The September 2010 Daring Bakers’ challenge was hosted by Mandy of “What the Fruitcake?!” Mandy challenged everyone to make Decorated Sugar Cookies based on recipes from Peggy Porschen and The Joy of Baking.
More specifically, she wanted us to create a cookie that reminded us of September. This September was pretty crazy for me, so this year I could have very easily made any of the following cookies: trains, white water rafting, Portland, or taking the MTELs (that one would have been hilarious to make). However I decided to go with the simple pumpkin.
Pumpkins remind me of a lot of things. Pumpkin pie. Pumpkin cider. Pumpkin beer (My favorite). But pumpkins also remind me that I can whip out my flannel sheets and still not have to wear a jacket outside. It means that it’s time to start fattening up for winter (Kidding!). Fall is definitely the most delicious season of them all.

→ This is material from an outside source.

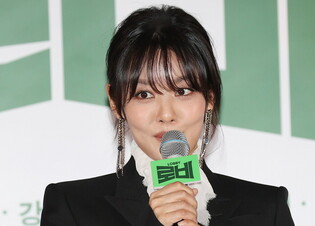 S. Korean actress Cha Joo-young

I was surprised how easy the royal icing was once I got the hang of it and got the consistencies right. Instead of a regular sugar cookie I made pumpkin spice sugar cookies to go with my theme. Next time I might add more pumpkin spice to the cookies, but they still taste delicious. I’ve definitely found a new recipe with countless possibilities!
Pumpkin Spiced Sugar Cookies
- 2 tsp pumpkin spice mix*
- 3 cups sifted all purpose flour
- 1 stick plus 6 tbsp unsalted butter
- 1 large egg, lightly beaten
- 1 cup superfine sugar (If you can’t find superfine sugar like I couldn’t, just use regular granulated sugar and pulse in food processor)
- 1 tsp vanilla extract
Cream together butter, sugar, and pumpkin spice mix until it just starts to become creamy.
Beat in the egg until combined and make sure to scrape down the sides (unless you just got a new beater blade like I did!!!) Add flour slowly until a non-sticky ball forms.
Knead into a ball and dive into 2-3 balls. Roll out each portion on parchment paper to a thickness of about 1/5 inch. Refrigerate for a minimum of 30 minutes. Once chilled, remove from parchment paper and place on lightly floured surface. Cut out your shapes. Arrange shapes on parchment lined baking sheets and refrigerate for 30-60 minutes.
Preheat oven to 350 degrees and bake for 8-10 minutes or until golden brown around the edges. Allow them to cool completely.
*Pumpkin Spice Mix
- 1 tsp cinnamon
- 1/2 tsp ground ginger
- 1/4 tsp ground allspice
- 1/4 tsp ground nutmeg
Mix together all ingredient.
- 2.5 cups confectioner’s sugar
- 2 large egg whites
- 1 tsp almond extract
- 2 tsp lemon juice
- food coloring
Mix egg whites and lemon juice. Sift confectioner’s sugar to remove lumps. Beat or whisk until smooth. Add almond extract.
After I divided up my sugar. I used only a little bit of green and a lot of orange.
I filled one of my squeeze bottles that I got at Crate & Barrel with the orange royal icing. Then I added about 1/3-1/2 confectioner’s sugar (sifted!) to the remaining icing so I could make the outline. Then I started outlining!
After I finished outlining I used the looser icing to fill it in. I started at the top and as I held the cookie up the icing slid down. I used the tip of my squeeze bottle to cover the entire cookie. For the green I used a really really tiny tip and just filled in the green top. It would have been too annoying to outline and then fill. It worked great!
The first one was messy but after the second one I was getting the hang of the outline and getting it down fairly quickly. I was really happy with this challenge, can’t wait for next months!